Alwyn Vintcent. Villiersdorp Spring Arts Festival 14th September 2013
The weather wasn’t kind for the Festival! A blustery northwester and some rain threatened that we wouldn’t be able to do our part by manning our Tug for hordes of visitors, while pretending to do some work. In the end, it was the other way around. The weather cleared and although we did have 20 to 30 visitors, we got a lot done!
We are now well into the reassembly stage. There’s a huge amount of welding to do and a lot has to be done in the correct order; last cut, first re-attached. The procedure is that the edges are prepared, by chipping paint off close to the cut line and grinding off the flash as well as any high spots. Unfortunately, in the hurry to refit the prow and rear coaming, this was not done in advance, so preparing and welding those will be more difficult.
We decided to do something noticeable, rather than welding where those two parts had just been tacked, so we prepared the edges of the steering box. Hermann did the lower part of the box and I did the cut-off section. Eniel welded some strips of metal vertically over the cut line. We turned the loose section over into position and we were surprised by how much it had lost shape!
Eniel has levers which he uses to align two edges. He tacks one side of a small flat bar attached at right angles to the end of a lever, to the plate which is too low. His assistant pulls or pushes on the lever until the plates are in line, then he welds the edges. The tack is then broken by the lever being pulled in the opposite direction and any remnant of the tack is ground off. We started at the rectangular part at the stern where the corners gave a datum, and worked around. Other ‘tricks of the trade’ were used, like welding brackets on and pulling edges together with G- and sash clamps. Hermann and I used two heavy hammers on each side of the double-thickness upper edge where rust had forced the metal apart, until the flakes all fell out. These can be clamped together again after rust-treatment and welded along the top edge.

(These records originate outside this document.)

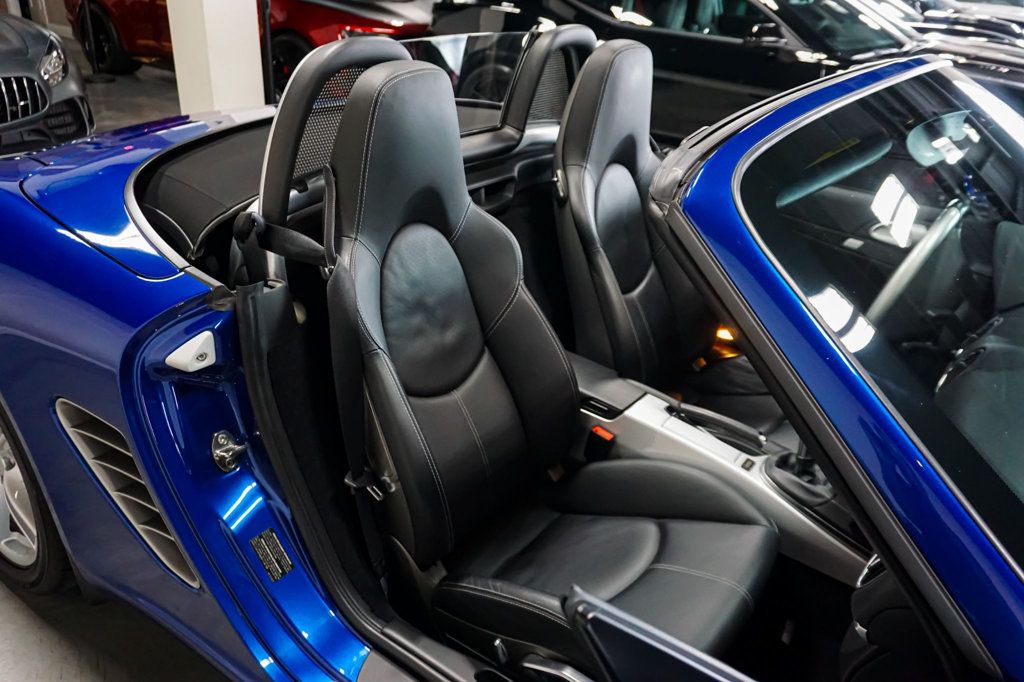 2012 Porsche Boxster S photo 41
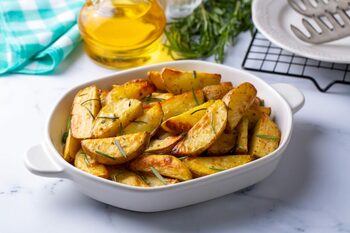 Rețetă simplă de vară: cartofi cu pesmet, usturoi și ierburi aromatice. Cum să îi oferi un gust exact ca la restaurant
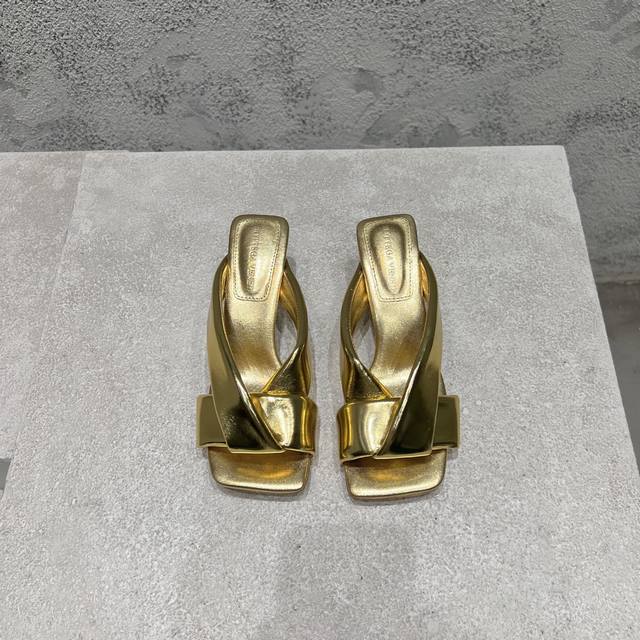 Factory Price P, Top-Rated, High-End Version, Original Development, Bottega Vene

The reason for the skew cut was that it was done in a panic at the last minute on the trailer when we realised it was too high. The final job looks ship-shape, although there is still welding to do between Eniel’s stitches. A lick of paint and it will look like new! The three of us weren’t strong enough to lift and refit the lid!
While Eniel was still welding, Hermann and I started on the edges of the base of the inner funnel. It was important that this be re-attached before any other superstructure could be refitted.

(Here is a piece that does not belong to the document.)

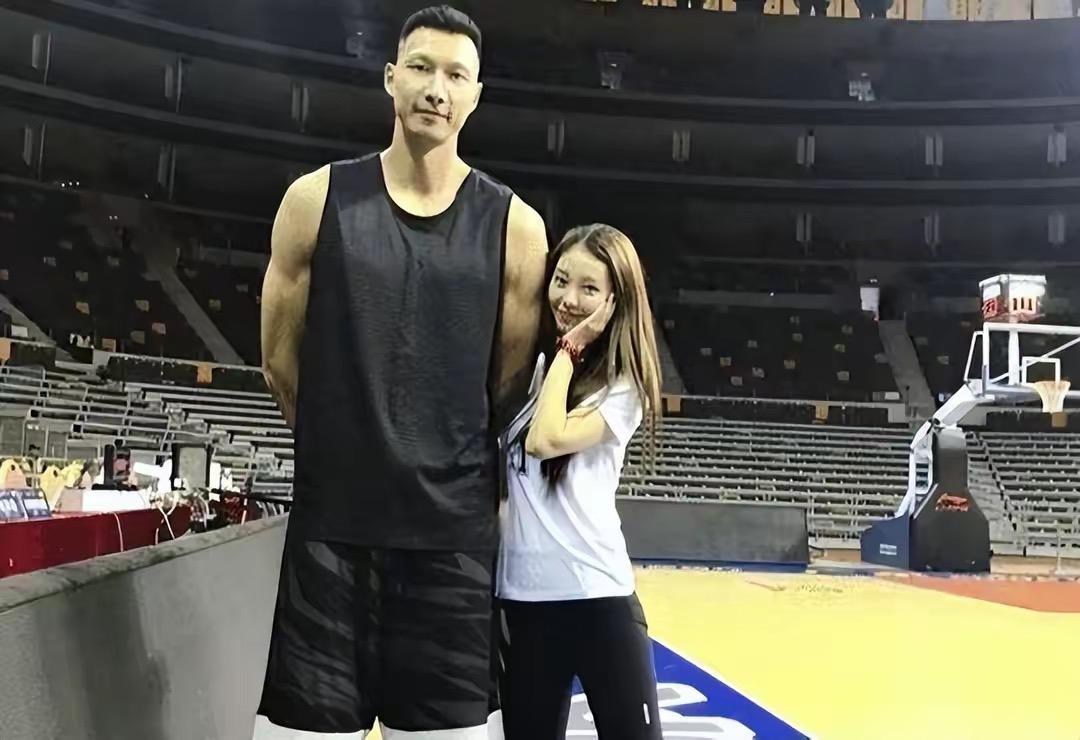 九游欢乐平台：中国男篮，归化球员政策是否应该更加开放？的简单介绍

We used the same process; in this case aligning the corners accurately, then worrying about joining up the rest in between. It was surprising how much force was required to align even these thin sheets, especially as the gap between the stitches closed up. The steel inevitably distorts with the welding. Because this is structural; it supports the entire weight of the inner funnel, Eniel welded fully on the outside of the sheeting and reinforced with some long stitches on the inside. The angle framework on the corners got the full treatment from both sides. We refitted one bolt and spacer to each of the heat-shield plates to stop them from flapping in the wind. There is still some painting on the funnel and proper re-shaping to do on them.
Not only is the reassembly impressive, there is now less clutter lying on the deck! It’s very satisfying to know we’re well into rebuilding now!
Another job tackled during the day, apart from showing interested visitors around, was to mop up some rainwater which had entered the boiler through the open manhole. Eniel was in like an eel:
We couldn’t find the sump-pump so we used a scoop and a bucket on a rope. There wasn’t much water and the rest will evaporate after a few warm days, now that we have the metal sheet roped into position over the open manhole again.
The amazing condition of the wet side of the boiler can be seen in the photo above! Part of the reason is the fact that the boiler is fitted with a Hotchkiss circulator, the funnel inlet of which can be seen on the right above. It skims off anything floating on the top of the water and it’s caught in the ball of the circulator and blown-off periodically.
Eniel has been collecting some interesting old brochures:
R10 for adults, R5 for children under 16! The one below comes with the cut-out cardboard model. There is an interesting view of the 1900 Collier Jetty with the overhead conveyor in the background!